Given information:
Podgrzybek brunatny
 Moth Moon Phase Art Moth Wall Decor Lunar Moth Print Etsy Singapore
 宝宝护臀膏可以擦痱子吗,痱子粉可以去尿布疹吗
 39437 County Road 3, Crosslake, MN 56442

Work item: Retype the lines from the one containing "Moth Moon Phase" to the last line above. Change nothing and include no others.

Task answer:
 Moth Moon Phase Art Moth Wall Decor Lunar Moth Print Etsy Singapore
 宝宝护臀膏可以擦痱子吗,痱子粉可以去尿布疹吗
 39437 County Road 3, Crosslake, MN 56442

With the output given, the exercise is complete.